:: Information provided

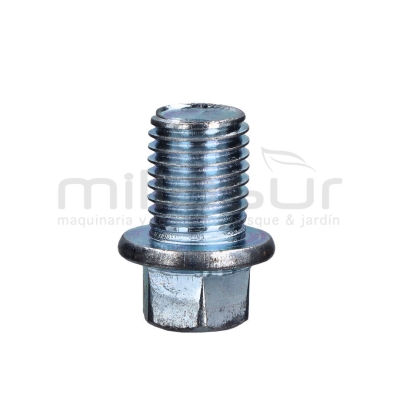 TORNILLO VACIADO - motoscamaralweb.com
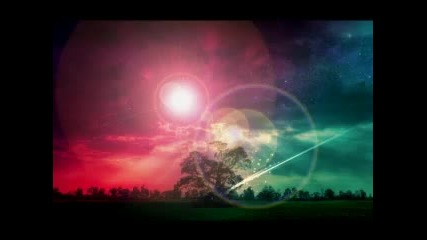 Catch A Falling Star - Nina Wall 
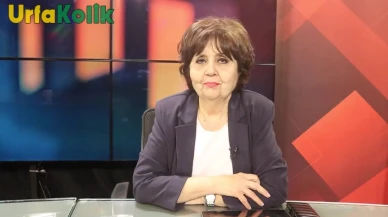 Ayşenur Arslan Kimdir?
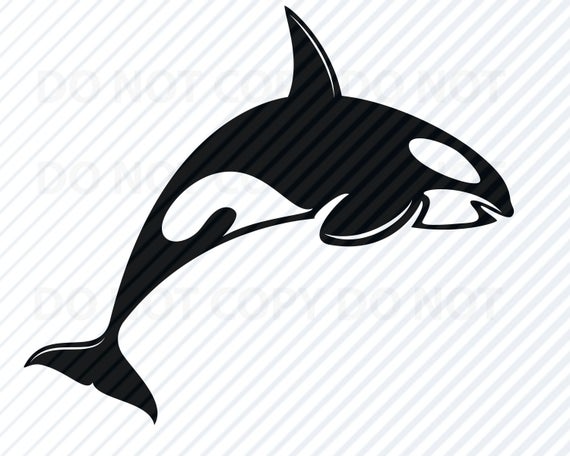orca clipart svg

::::

▶ _How to complete this task_:
Skip the images and write out the rest of the listing exactly.

▶ _Task output_:
 TORNILLO VACIADO - motoscamaralweb.com
 Catch A Falling Star - Nina Wall 
 Ayşenur Arslan Kimdir?
orca clipart svg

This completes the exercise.